Abbott Brass Can’t Nix Investors’ Formula Recall Suit

On August 7, 2024, a Chicago federal judge rejected the defendants’ arguments that tossing the lawsuit accusing Abbott Laboratories leaders of concealing known safety issues related to recalled infant formula was in shareholders’ “best interest.”

U.S. District Judge Sunil R. Harjani wrote that current and former directors and senior officers seemingly misunderstood the complaint and”potentially the purpose of derivative litigation more broadly.” According to Judge Harjani, the leaders had essentially argued that the case should be dismissed because going forward with the suit could uncover evidence that could harm the company in future lawsuits. But such an argument “could be made in any derivative suit,” Judge Harjani wrote.

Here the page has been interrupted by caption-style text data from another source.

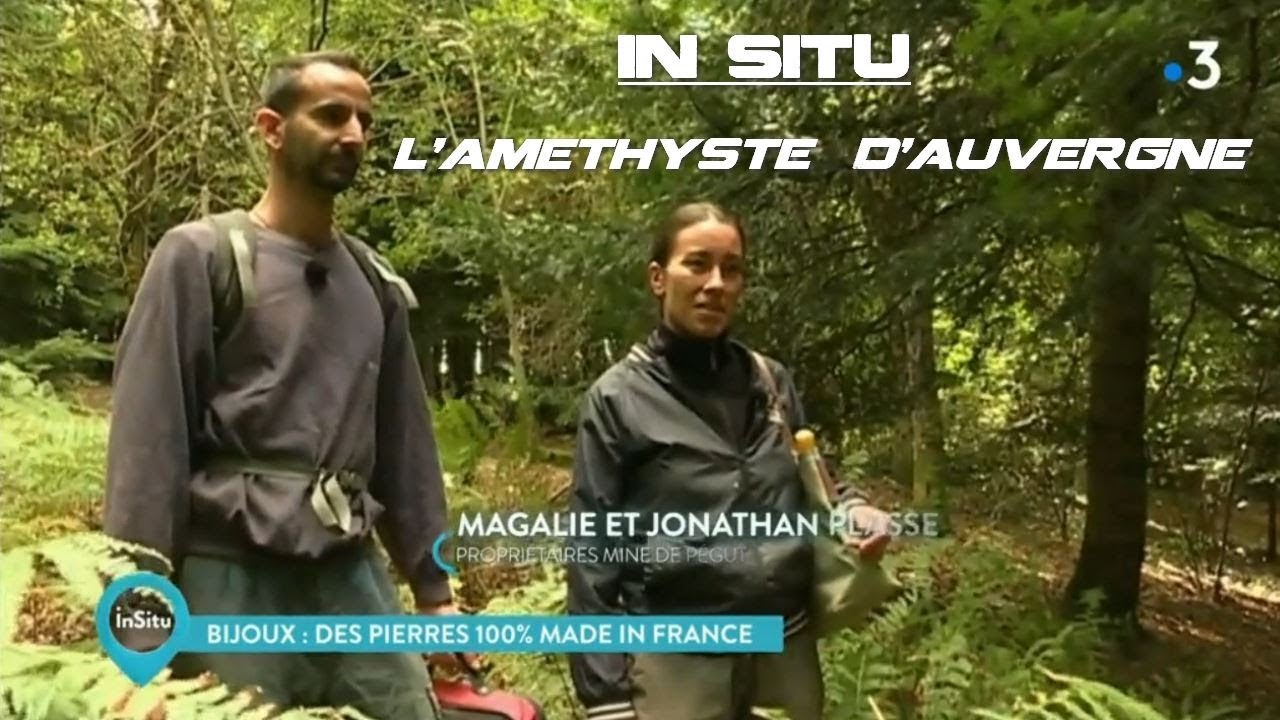🎬REPORTAGE TV - L'améthyste d'Auvergne et La Mine de Pégut
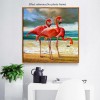 Oil Painting Style Flamingos 5D Diy Cross Stitch Diamond Painting Kits UK NA0294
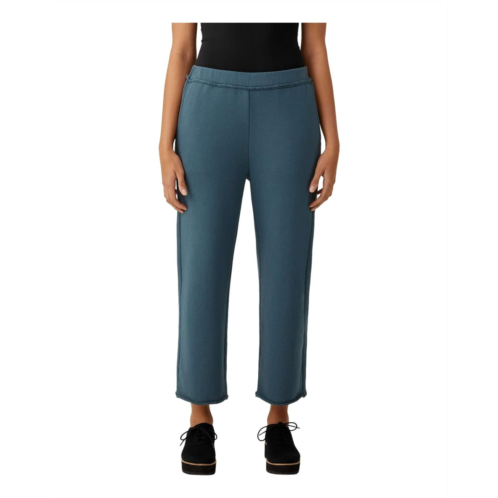 Eileen Fisher Cropped Straight Pants in Organic Cotton French Terry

He said tossing the suit for the suggested reason would “in effect nullify all derivative ligation because the directors could always argue that allowing shareholders to bring a derivative litigation that could uncover illicit conduct is not in the best interest of the company.”

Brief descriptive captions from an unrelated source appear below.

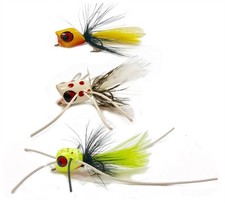 Betts Panfish Poppers Fishing Lure, Fly Fishing, Pack of 3, P3 ~Free Shipping~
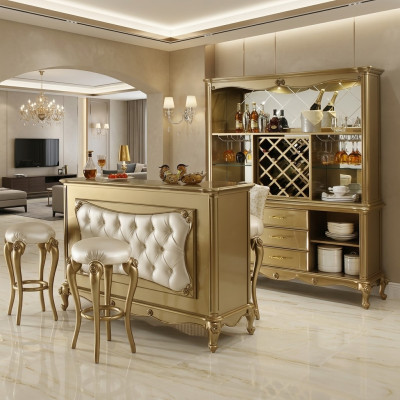 Bar tables bar counter wood bar tables counters luxury class baroque handmade new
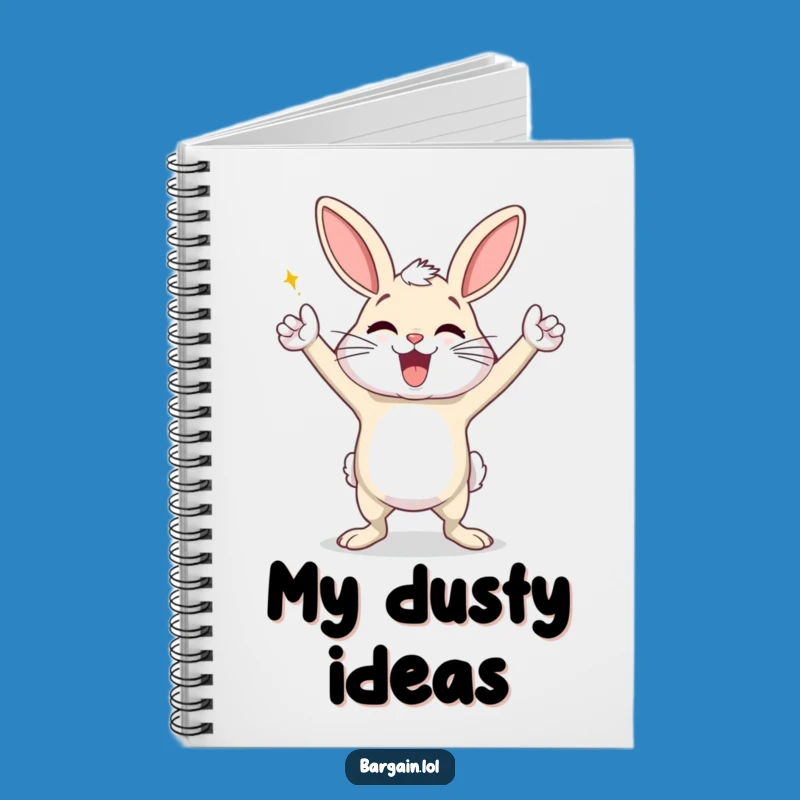 Funny Dust Bunny Notebook: Jot Down Your Triumphs with This Hilarious Dancing Character!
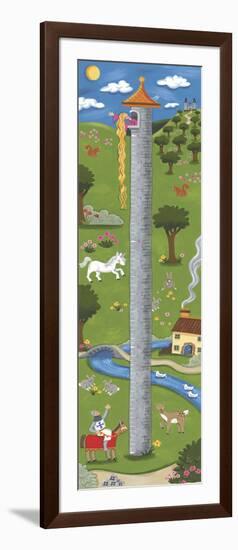 Rapunzel Growth Chart-Sophie Harding-Framed Giclee Print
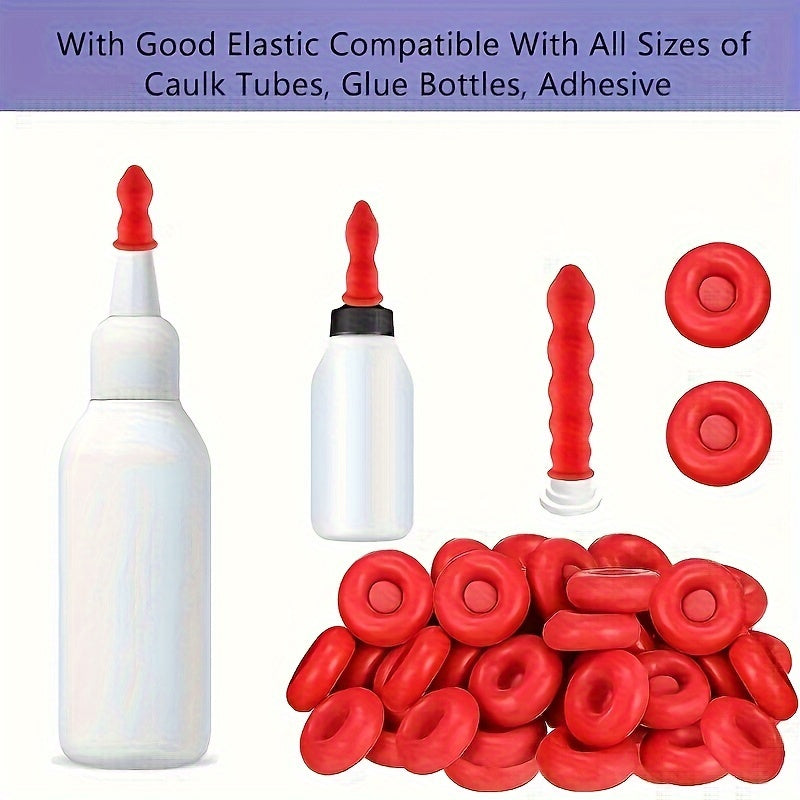10 ta paket Silikon Kapaqlar uchun Kalafati Saqlash uchun Qayta Ishlatiladigan Quvur Qoplamalari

“Defendants’ assertion is akin to an academic argument about the true value of derivative litigation, but that is certainly not grounds to dismiss this case under governing law,” Judge Harjani wrote.

In July 2023, the Southeastern Pennsylvania Transportation Authority (SEPTA) and the International Brotherhood of Teamsters Local No. 710 Pension Fund moved to consolidate related derivative cases. U.S. District Judge Manish S. Shah granted the motion, as well as their request to appoint them as co-lead plaintiffs. Kehoe Law Firm represents SEPTA in this action.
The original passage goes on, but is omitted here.